Elizabeth Kichula, MD, PhD: I think it’s a little bit challenging to talk about differential diagnosis in a disease that has so many phenotypes, looking at the broad severity. The differential is very different if you’re talking about an infant who’s coming in at 3 to 4 months with severe hypotonia than if you are talking about a 6-year-old who’s coming in with an increase in falls and problems getting up the stairs.
So the differential really can be quite broad. I think it frequently boils down to really trying to elicit the actual weakness very early on, particularly when you’re evaluating children whose primary concern is low tone, and really trying to evaluate how you’re going to look at the weakness in these young, often noncompliant patients that we’re seeing. And so try to get a grasp of their antigravity movements at their functional movements by having them climb stairs and get up off the floor, I think, are really important clues in looking at things.
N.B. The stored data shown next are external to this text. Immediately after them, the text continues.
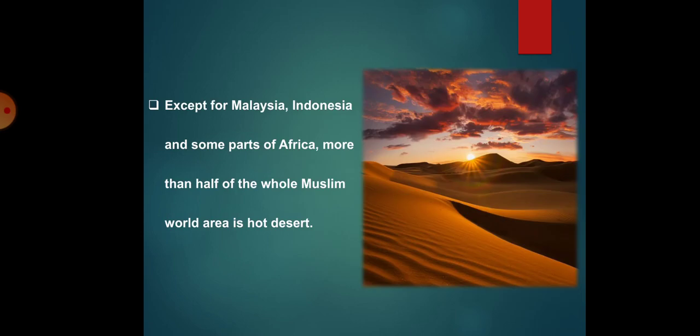More than half of the whole areas, we can see deserts. These are not only hot deserts. These are temperate deserts, semi deserts, and scrub lands.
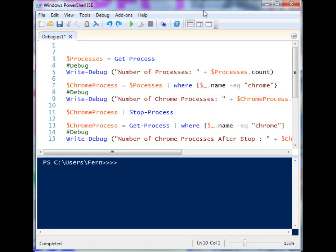We're going to look at some simple debugging methods in PowerShell using the Write-Debug cmdlet. This adds a lot of debugging value to your scripts. One-liners in PowerShell are really easy to troubleshoot — you can just look at it, see what went wrong, fix it. But when your code becomes hundreds and hundreds of lines, you need a much more methodical way to figure out what went wrong at certain points and important junctures.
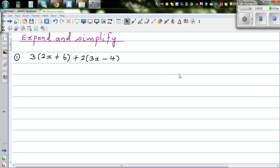In this video I want to go over two basic skills in algebra which are expanding brackets and simplifying, and also factorizing.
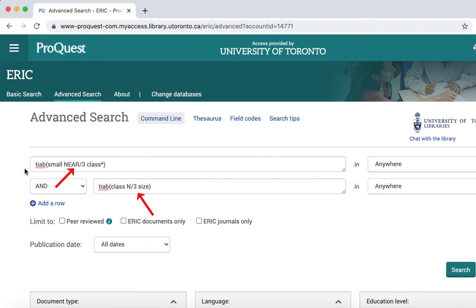NEAR will search within four words by default, but N without an assigned number will not work. This may increase your relevant results if your search words appear in the same sentence, but not in that exact order.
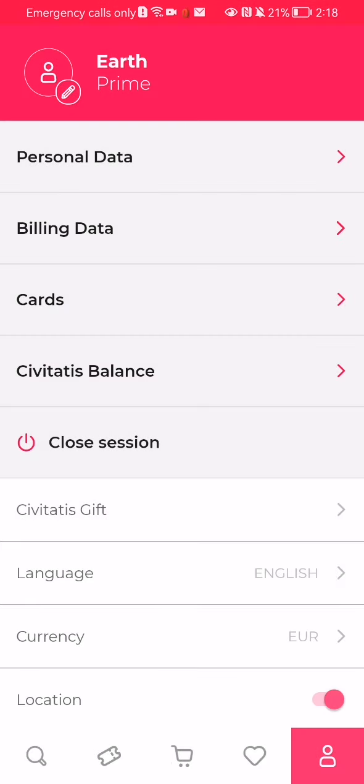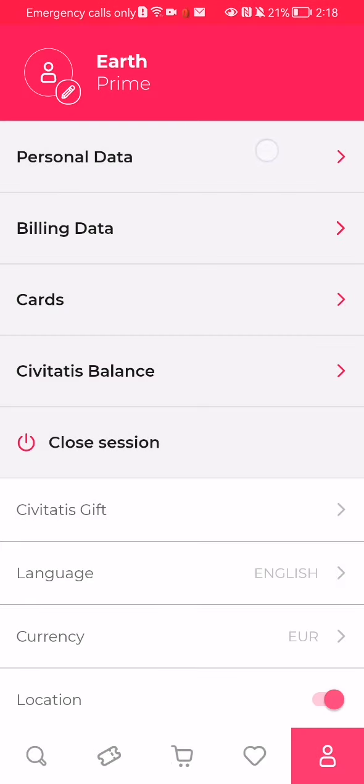Here you can select the first option which is personal data, and here you can just add your personal data or change it for that matter.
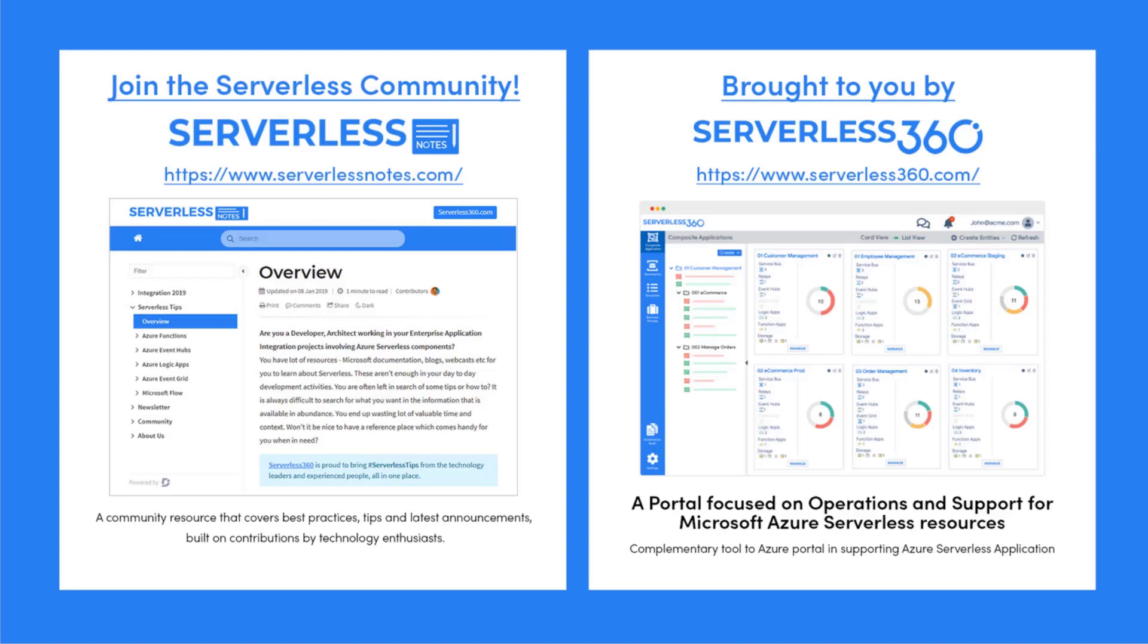Serverless nodes is a community resource that covers best practices, tips, and latest announcements built on contributions by technology enthusiasts and collated from various resources. This resource is structured as first-hand reference material for anybody working with Azure serverless integration. You can go ahead and subscribe to newsletters and browse serverless tips. The serverless nodes community is brought to you by serverless 360, a portal focused on operations and support for Microsoft Azure serverless resources. It provides exceptional tooling that is not available in Azure portal and is an alternative to custom built solutions. You can find more at serverless360.com.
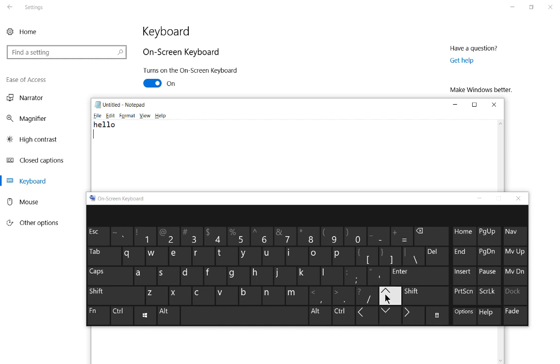So that's how we turn on the on-screen keyboard and some of the other options in Microsoft Windows 10.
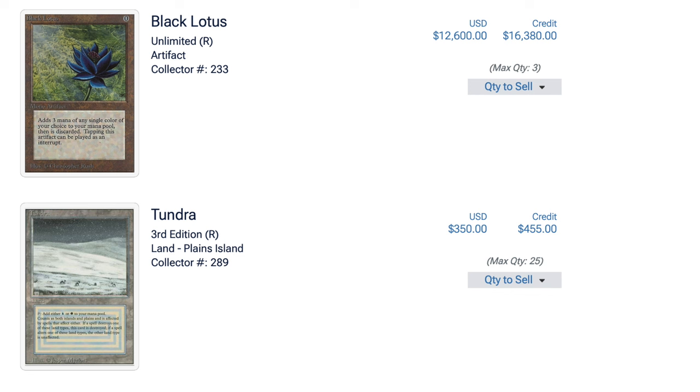Magic the Gathering cards, even the reserve list, is a very poor investment. No one should be investing in these things. Even me. I do this for fun.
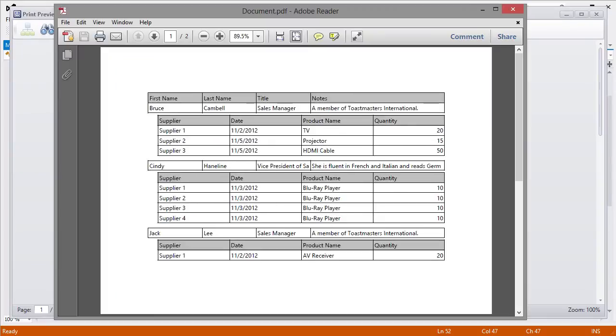The look of the document can be customized using multiple options, styles, and templates. Thanks for watching!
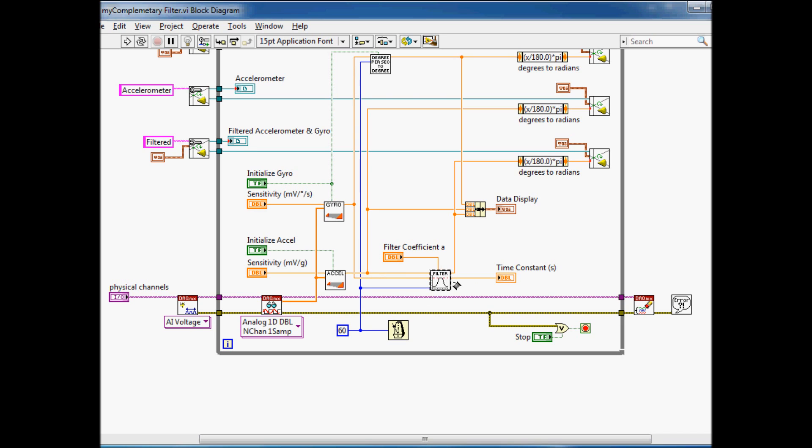The filter looks at these two values and then gives an estimate for what it thinks the value of tilt is, and we can display that on the chart and compare it to the two other values as well.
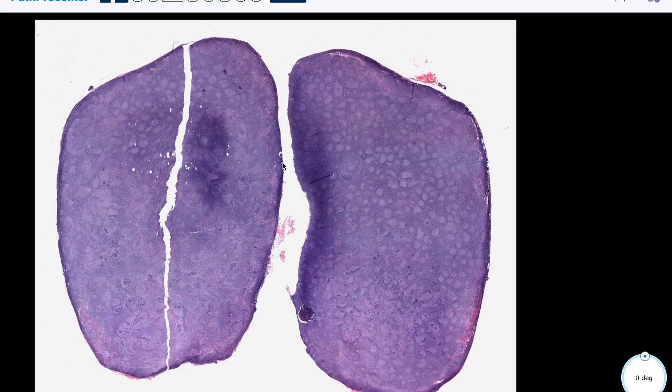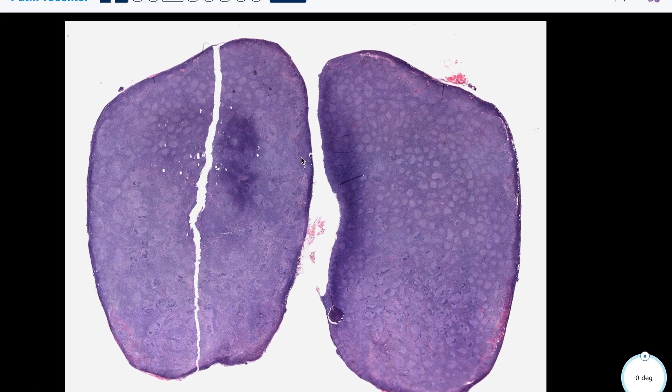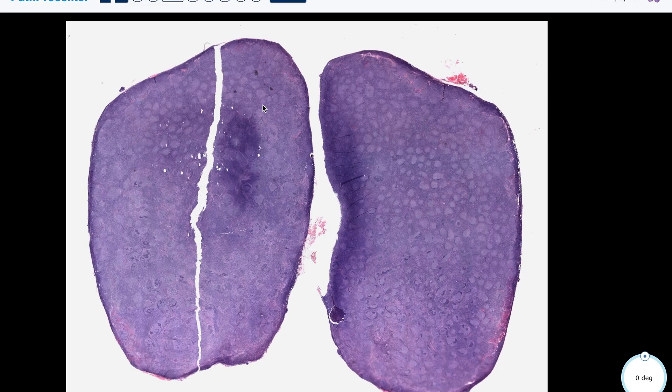Interesting neoplasm and a good one to be aware of. I hope that review was helpful. If so, like and subscribe, and I'll see you on the next episode of Pathagonia.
As you go down the diagnostic pathway, particularly with SMA type 1 patients who are presenting symptomatically, they often can have such a classic phenotype. If they do have, they’re more likely to have the tongue fasciculations at present and to have areflexia, and jumping directly to genetic testing is often indicated. In a lot of the older children it can be a little bit more difficult and they may go through a little bit more of a diagnostic journey.
Claudia A. Chiriboga, MD, MPH: That’s a good point, if you’re not sure of an infant with hypotonia, it’s best to test them for SMA because you need to identify that early, and then you can address the broader differential diagnosis if it turns out that it’s not SMA.
Basil Darras, MD: It can get confusing when you have a child with proximal weakness, or it happens that they also have some degree of CK elevation, as you said earlier. And sometimes patients who have type 3 SMA, they can even have a little bit of capsular hypertrophy, so the possibility of muscle disease comes up. In some of those cases, particularly when there is some urgency, perhaps doing electromyography [EMG] might be useful because the EMG findings in SMA are very, very typical. But I have to say that we’re not doing a lot of electromyography these days outside the ICU [intensive care unit] setting. It’s unusual to do electromyography, and most of the time, as you said, we just send the DNA test and try to make the diagnosis excluded.